## [YOUR ASSIGNMENT]
Each record must be returned exactly, apart from the pictures, which stay out.

## [Stored entries]
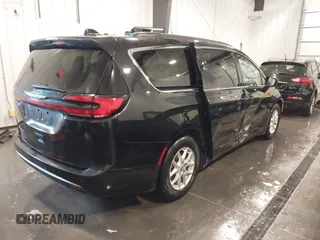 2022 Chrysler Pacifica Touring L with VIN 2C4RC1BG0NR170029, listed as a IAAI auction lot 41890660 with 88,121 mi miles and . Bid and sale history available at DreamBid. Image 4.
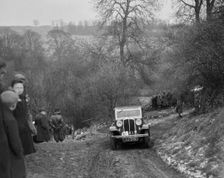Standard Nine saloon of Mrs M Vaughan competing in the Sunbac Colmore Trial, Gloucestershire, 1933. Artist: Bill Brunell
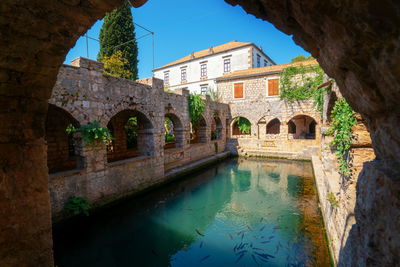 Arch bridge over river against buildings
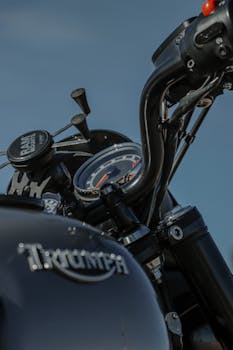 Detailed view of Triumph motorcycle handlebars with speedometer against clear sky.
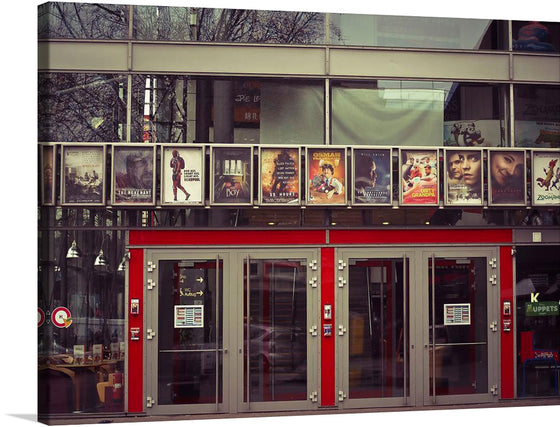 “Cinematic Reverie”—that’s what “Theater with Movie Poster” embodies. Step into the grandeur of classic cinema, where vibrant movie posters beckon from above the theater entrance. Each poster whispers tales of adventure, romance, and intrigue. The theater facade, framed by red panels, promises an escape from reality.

## [COMPLETED EXERCISE]
 2022 Chrysler Pacifica Touring L with VIN 2C4RC1BG0NR170029, listed as a IAAI auction lot 41890660 with 88,121 mi miles and . Bid and sale history available at DreamBid. Image 4.
Standard Nine saloon of Mrs M Vaughan competing in the Sunbac Colmore Trial, Gloucestershire, 1933. Artist: Bill Brunell
 Arch bridge over river against buildings
 Detailed view of Triumph motorcycle handlebars with speedometer against clear sky.
 “Cinematic Reverie”—that’s what “Theater with Movie Poster” embodies. Step into the grandeur of classic cinema, where vibrant movie posters beckon from above the theater entrance. Each poster whispers tales of adventure, romance, and intrigue. The theater facade, framed by red panels, promises an escape from reality.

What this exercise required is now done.